How clotting of Blood occurs in humans?

Bleeding occurs usually when any cut occurs on our body. Within 3 to 5 minutes time a clot occurs at the place of cut to stop further loss of blood. In this resource I have explained the simple mechanism of clotting and the various steps involved in this process. I also gave some insight into various clotting facts in human body.


Usually when we work with sharp instruments like blade, knife, razors, a pair of scissors, chisel, peelers etc. accidentally you may get a cut over the surface of your body and from the cut place blood may start oozing out. You may find within 3 to 5 minutes a clot may be formed at the site of cut and the bleeding will be stopped. The clot formation will protect our body from any further loss of blood as well as any entry of germs through the cut portion of the blood vessels. It is a kind of defense mechanism to stop the entry of any germs through our cut blood vessels.

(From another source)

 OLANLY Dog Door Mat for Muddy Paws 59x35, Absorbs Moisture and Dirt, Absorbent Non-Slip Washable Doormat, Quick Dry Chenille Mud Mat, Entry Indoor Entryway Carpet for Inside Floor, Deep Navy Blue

Mechanism of Blood clotting

Blood platelets (Thrombocytes), one of the formed elements or blood corpuscles present in blood plasma play an important role in blood clotting process. Clotting is a very complex process which require not less than 12 different important factors which have to work in harmony with each other. Clotting process doesn't occur if any of the 12 clotting factors are not present in required level in the blood plasma. The formation of clotting factors and the series of steps in clotting process occur in a chain like fashion in our body. The clotting mechanism of blood occurs in a series of steps as follows.

  1. Conversion of Prothrombin into Thrombin
  2. Prothrombin is a protein present in blood plasma which is synthesized in liver. This protein present in blood plasma is in inactive form and should be converted into an active enzyme form thrombin in order to initiate blood clotting process.
    At the site of cut, the damaged cells and the platelets present in the oozing out blood secrete thromboplastin or thrombokinase enzyme, clotting factors VII and X (Stuart factor), calcium ions, Vitamin K. These substances together convert the inactive prothrombin present in blood plasma into thrombin. Calcium ions present in blood plasma are very essential for this conversion. Vitamin K is essential for the synthesis of prothrombin and fibrinogen proteins by the liver cells as these are essential for clotting of blood.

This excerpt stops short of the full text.